What to work on >> Pictures stay out of the copy. Retype exactly the lines below from the one with "Simple and elegant" through the one with "Givenchy Logo Embroidered Polo Shirt-0".

Listed records >>
* * * * *

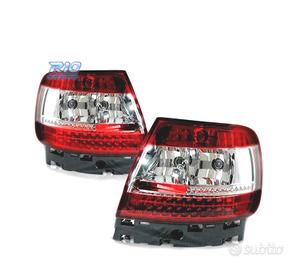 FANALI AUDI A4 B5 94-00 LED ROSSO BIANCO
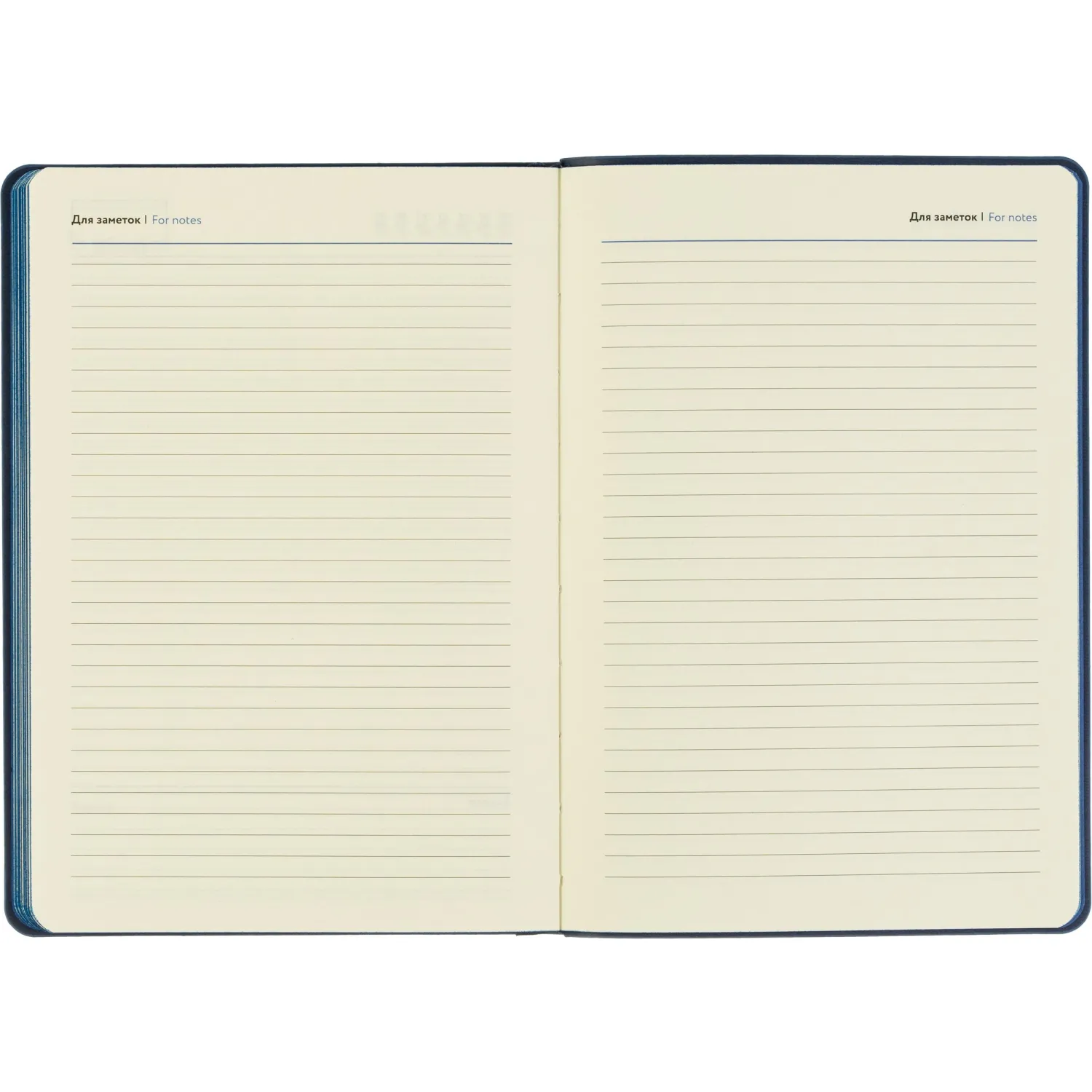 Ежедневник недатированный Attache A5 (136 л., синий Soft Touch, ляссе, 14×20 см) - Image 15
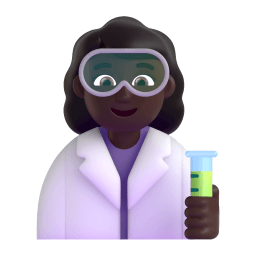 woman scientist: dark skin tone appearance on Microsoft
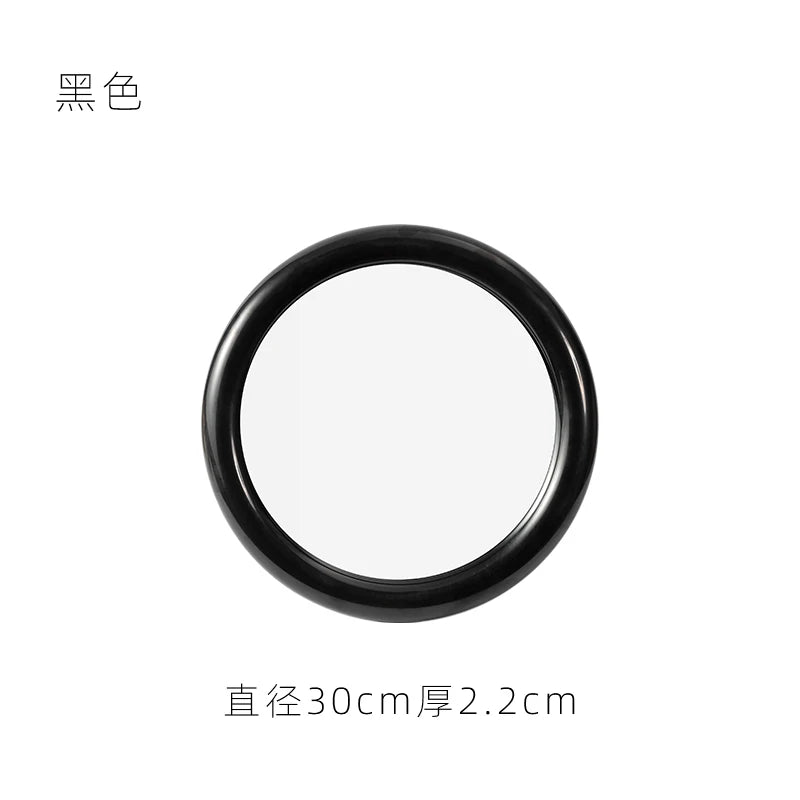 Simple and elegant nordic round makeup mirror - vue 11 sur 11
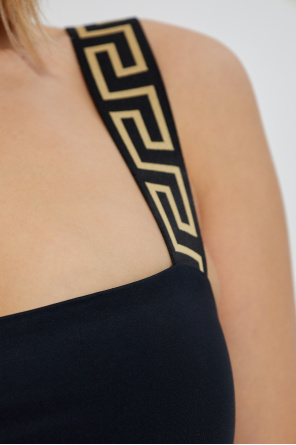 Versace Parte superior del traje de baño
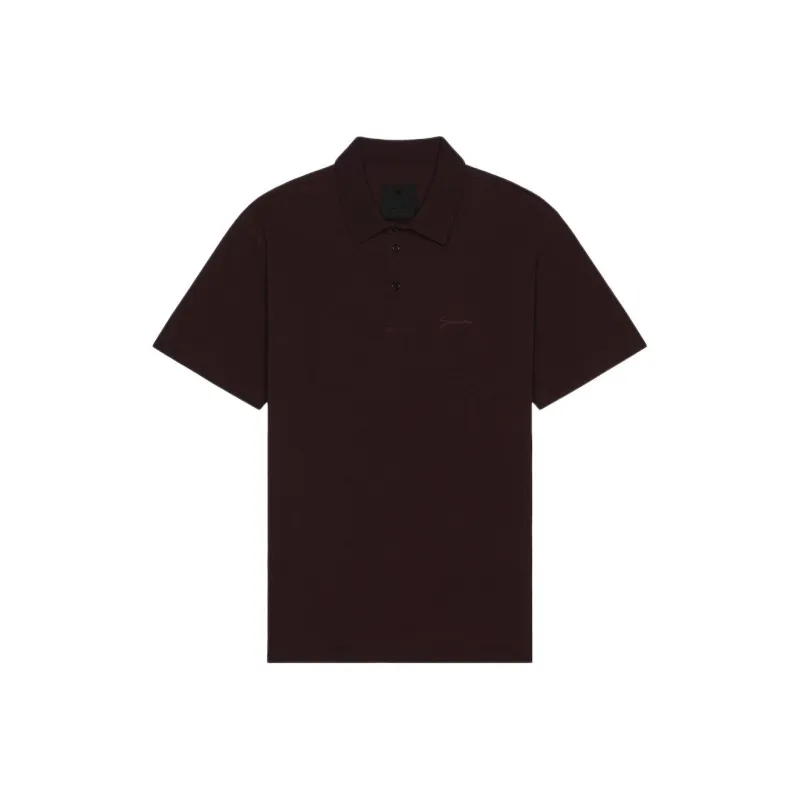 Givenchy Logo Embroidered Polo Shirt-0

* * * * *

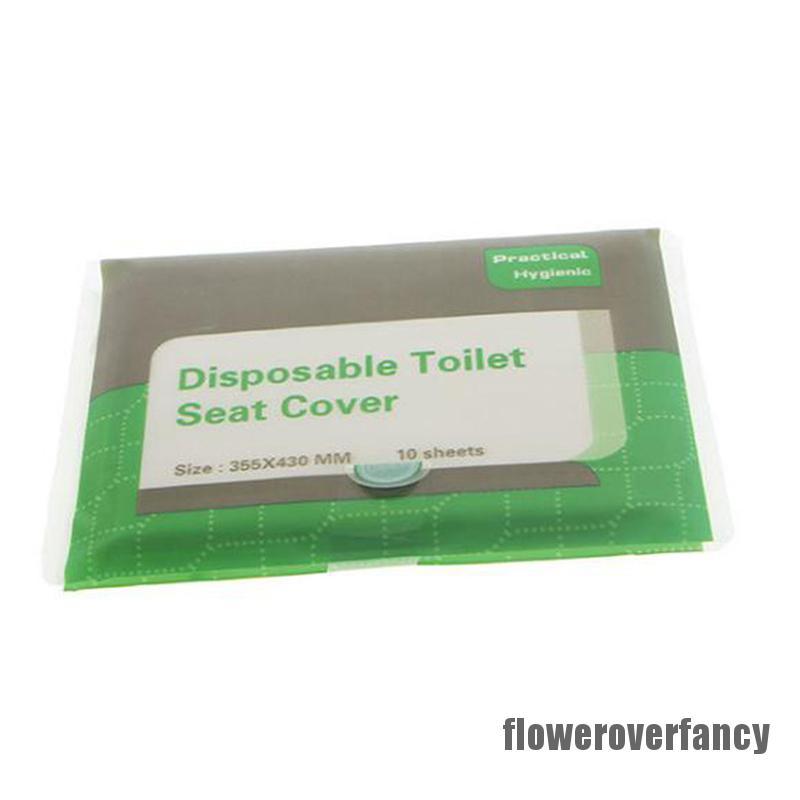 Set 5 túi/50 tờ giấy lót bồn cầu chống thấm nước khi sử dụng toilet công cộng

* * * * *

Completed task >>
 Simple and elegant nordic round makeup mirror - vue 11 sur 11
 Versace Parte superior del traje de baño
 Givenchy Logo Embroidered Polo Shirt-0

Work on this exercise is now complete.